If you're tired of having Chrome reloading inactive tabs when you select them after awhile, you'll be pleased to know you can force them to remain in memory by tweaking some options.
It's kind of awkward to write about this, as Chrome recently started doing what I had been asking for long. As someone that regularly keeps over 70 tabs open in several Chrome windows, where some tabs are kept open just as a "reminder", I've been asking for Chrome to implement something akin to the Great Suspender extension, that saves memory by unloading the web page until you click on it. Chrome now does something like that, but unfortunately I found myself in a weird fringe case.
Though in my main computer I have 24GB of RAM, in other computer I have just 4GB, and that keeps Chrome constantly near the top of memory. That makes it continuously discard tabs, meaning I often lose the place I had paused videos in, and other side effects. That fact that these are slower computers also means that the tab reloading processing takes a few seconds... and is annoying as hell.

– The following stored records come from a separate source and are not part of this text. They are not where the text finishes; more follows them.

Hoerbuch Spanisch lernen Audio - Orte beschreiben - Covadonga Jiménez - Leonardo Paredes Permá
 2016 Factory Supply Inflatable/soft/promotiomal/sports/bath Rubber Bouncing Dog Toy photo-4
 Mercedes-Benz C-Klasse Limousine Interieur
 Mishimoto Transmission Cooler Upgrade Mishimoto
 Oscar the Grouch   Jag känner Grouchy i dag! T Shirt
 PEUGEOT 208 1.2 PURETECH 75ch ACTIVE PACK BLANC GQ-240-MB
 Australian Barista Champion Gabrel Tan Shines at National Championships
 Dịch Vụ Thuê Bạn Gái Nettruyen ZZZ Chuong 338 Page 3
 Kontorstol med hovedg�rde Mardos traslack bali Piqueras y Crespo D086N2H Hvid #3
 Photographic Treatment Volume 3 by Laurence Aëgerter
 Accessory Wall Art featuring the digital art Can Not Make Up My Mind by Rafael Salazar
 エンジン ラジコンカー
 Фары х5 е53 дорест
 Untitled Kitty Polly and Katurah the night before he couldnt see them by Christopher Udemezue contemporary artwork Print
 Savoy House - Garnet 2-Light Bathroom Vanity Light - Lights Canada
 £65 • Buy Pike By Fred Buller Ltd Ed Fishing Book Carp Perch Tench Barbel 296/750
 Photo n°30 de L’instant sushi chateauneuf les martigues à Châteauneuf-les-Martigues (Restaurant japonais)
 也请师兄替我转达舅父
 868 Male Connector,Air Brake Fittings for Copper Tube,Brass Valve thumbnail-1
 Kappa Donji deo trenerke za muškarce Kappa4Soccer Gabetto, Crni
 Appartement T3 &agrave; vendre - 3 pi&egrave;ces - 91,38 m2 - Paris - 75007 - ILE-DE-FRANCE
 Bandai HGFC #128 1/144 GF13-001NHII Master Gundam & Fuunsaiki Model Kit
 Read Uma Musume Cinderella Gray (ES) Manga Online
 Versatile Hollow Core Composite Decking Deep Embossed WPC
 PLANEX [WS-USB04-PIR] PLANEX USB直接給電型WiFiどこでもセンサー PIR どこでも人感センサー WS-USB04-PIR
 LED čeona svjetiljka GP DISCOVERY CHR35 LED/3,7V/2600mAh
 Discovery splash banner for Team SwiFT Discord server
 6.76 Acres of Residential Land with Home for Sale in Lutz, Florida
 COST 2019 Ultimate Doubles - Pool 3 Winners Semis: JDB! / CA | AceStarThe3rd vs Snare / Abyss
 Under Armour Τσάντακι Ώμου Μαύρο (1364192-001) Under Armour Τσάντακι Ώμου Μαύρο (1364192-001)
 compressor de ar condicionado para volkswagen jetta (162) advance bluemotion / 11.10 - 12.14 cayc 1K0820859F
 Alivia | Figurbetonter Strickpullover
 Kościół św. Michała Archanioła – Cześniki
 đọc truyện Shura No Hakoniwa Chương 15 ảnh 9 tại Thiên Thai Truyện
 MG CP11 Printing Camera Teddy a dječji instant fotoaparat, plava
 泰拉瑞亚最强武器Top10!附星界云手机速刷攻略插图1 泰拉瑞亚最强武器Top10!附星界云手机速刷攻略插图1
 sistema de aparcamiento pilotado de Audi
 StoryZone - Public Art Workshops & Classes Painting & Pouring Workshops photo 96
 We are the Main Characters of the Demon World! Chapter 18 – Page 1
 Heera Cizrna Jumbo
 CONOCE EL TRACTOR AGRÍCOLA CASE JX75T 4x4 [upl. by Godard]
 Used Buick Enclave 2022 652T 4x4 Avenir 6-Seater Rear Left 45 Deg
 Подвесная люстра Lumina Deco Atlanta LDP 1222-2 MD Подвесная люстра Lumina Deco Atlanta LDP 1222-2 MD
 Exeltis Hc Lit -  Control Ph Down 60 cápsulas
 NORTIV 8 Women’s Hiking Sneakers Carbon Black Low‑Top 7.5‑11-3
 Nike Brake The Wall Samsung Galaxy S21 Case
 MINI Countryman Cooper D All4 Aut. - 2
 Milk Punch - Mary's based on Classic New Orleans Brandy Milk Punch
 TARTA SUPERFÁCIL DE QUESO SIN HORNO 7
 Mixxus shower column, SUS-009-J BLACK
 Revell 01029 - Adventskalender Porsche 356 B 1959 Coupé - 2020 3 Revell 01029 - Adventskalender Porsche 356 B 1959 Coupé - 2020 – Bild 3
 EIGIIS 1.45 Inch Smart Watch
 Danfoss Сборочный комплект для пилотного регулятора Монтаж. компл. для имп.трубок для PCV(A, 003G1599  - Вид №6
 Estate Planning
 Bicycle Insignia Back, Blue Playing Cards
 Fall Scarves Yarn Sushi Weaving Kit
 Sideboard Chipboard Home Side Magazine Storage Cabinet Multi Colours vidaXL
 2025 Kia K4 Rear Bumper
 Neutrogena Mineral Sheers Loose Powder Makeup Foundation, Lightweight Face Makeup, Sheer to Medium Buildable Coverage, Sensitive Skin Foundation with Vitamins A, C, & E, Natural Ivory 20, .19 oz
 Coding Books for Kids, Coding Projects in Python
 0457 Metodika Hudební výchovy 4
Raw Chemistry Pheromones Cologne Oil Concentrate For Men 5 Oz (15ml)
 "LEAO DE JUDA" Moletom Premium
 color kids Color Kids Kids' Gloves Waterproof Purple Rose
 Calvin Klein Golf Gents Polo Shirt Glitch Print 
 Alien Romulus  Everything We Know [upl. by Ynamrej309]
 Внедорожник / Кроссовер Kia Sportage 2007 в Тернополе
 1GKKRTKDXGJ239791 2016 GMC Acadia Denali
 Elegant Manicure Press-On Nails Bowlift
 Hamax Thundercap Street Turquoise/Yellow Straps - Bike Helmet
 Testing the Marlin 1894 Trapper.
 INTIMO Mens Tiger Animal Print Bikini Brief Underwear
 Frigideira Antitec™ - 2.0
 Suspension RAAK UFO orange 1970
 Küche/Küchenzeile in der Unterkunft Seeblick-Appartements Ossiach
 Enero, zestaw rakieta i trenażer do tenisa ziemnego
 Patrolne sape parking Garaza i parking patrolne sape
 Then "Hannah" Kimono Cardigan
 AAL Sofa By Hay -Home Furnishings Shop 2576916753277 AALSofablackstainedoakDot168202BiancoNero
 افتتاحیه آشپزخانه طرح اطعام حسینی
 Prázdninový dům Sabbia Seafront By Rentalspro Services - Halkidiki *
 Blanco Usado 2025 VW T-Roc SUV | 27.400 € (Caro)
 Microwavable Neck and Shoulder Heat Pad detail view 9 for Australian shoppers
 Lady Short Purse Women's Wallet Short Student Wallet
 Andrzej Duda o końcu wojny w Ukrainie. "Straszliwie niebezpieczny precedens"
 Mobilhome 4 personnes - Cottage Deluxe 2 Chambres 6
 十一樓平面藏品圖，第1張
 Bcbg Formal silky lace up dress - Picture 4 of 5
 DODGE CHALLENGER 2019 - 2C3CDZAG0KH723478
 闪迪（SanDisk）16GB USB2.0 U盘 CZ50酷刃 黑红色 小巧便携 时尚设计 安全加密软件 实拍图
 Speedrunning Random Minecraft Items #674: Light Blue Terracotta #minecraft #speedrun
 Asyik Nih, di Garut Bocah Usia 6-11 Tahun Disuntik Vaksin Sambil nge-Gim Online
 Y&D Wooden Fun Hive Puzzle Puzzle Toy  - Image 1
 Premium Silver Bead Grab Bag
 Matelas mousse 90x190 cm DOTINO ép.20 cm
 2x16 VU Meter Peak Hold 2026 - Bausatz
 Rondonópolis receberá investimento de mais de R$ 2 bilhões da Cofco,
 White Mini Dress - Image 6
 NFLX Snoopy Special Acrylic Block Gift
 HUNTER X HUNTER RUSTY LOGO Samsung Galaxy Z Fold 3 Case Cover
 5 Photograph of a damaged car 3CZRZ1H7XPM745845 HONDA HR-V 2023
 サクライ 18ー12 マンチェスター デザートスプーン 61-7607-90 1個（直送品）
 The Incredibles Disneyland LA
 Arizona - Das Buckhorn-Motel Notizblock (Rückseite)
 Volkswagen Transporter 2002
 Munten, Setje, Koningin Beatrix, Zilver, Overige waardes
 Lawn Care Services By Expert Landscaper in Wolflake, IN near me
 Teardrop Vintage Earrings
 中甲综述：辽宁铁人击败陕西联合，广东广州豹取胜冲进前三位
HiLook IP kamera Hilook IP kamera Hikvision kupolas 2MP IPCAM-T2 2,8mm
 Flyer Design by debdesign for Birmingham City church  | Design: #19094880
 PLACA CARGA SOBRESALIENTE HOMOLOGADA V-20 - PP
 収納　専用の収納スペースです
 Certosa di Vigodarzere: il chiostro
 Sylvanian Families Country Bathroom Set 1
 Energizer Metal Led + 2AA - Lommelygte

Even more when, previously, all these tabs were kept in memory, and provided instant access, even when using nearly all the available RAM.
Fortunately we can get that back by visiting chrome://flags and disabling the "Automatic tab discarding" option
If enabled, tabs get automatically discarded from memory when the system memory is low. Discarded tabs are still visible on the tab strip and get reloaded when clicked on. Info about discarded tabs can be found at chrome://discards.
This way you won't save memory... but you'll be able to save time and frustration when you're in a similar case like I was.